▶ **INPUT DATA**
<<<<
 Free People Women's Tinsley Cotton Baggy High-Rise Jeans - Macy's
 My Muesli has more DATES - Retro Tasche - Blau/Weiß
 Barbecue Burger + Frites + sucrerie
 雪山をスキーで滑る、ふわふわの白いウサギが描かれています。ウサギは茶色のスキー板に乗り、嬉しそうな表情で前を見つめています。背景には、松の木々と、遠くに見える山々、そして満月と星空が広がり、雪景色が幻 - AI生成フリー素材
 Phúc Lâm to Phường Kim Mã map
>>>>
<<<<
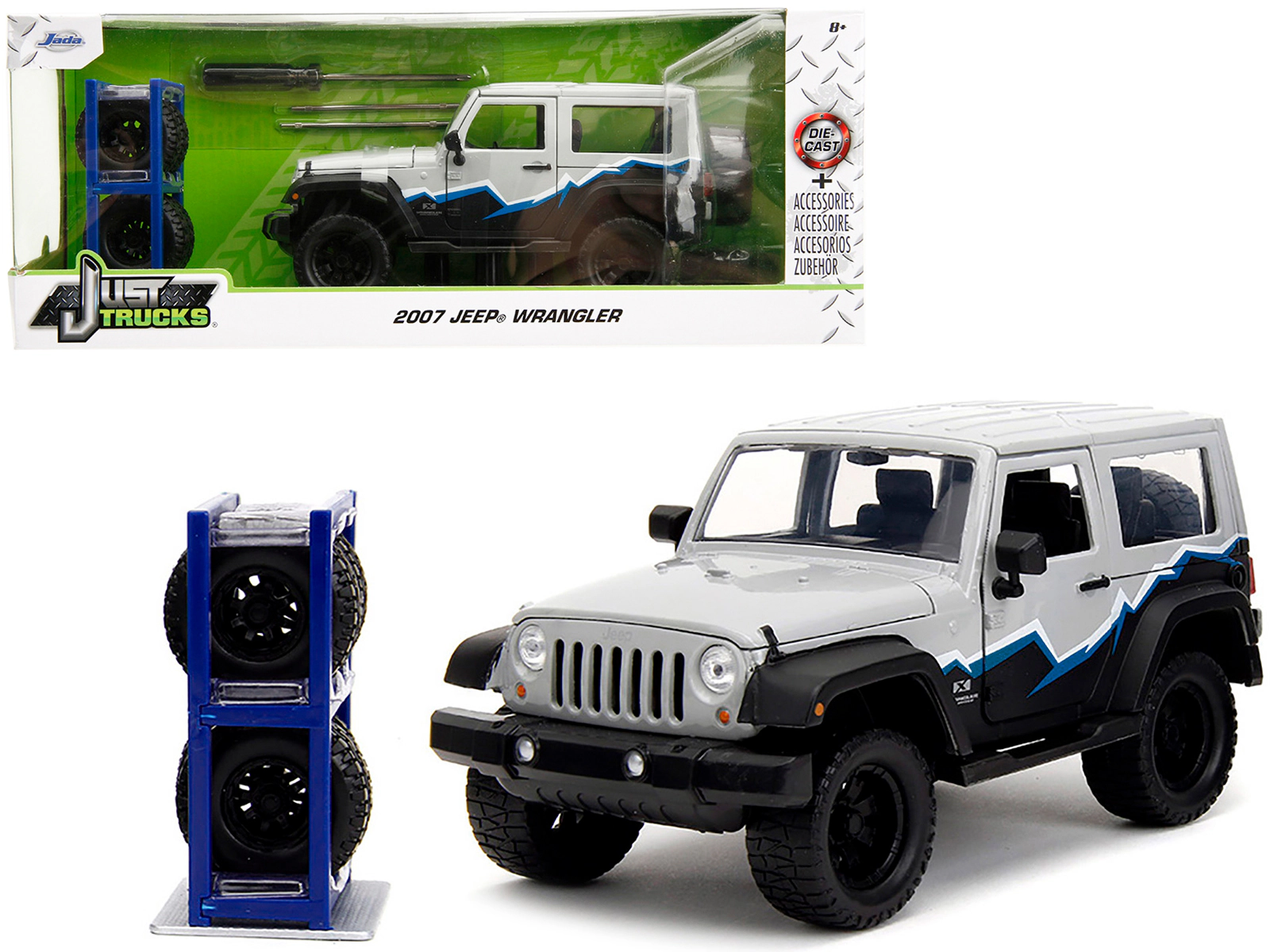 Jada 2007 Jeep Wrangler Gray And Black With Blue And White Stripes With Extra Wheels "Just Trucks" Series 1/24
>>>>
<<<<
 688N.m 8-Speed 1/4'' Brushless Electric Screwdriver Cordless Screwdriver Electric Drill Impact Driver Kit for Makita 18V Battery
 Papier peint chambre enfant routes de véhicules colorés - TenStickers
>>>>
▶ **EXERCISE INSTRUCTIONS**
Look through the entries above and quote exactly the lines from the line with "688N.m 8-Speed 1/4''" to the line with "Papier peint chambre", counting both of those lines.

▶ **TASK ANSWER**
 688N.m 8-Speed 1/4'' Brushless Electric Screwdriver Cordless Screwdriver Electric Drill Impact Driver Kit for Makita 18V Battery
 Papier peint chambre enfant routes de véhicules colorés - TenStickers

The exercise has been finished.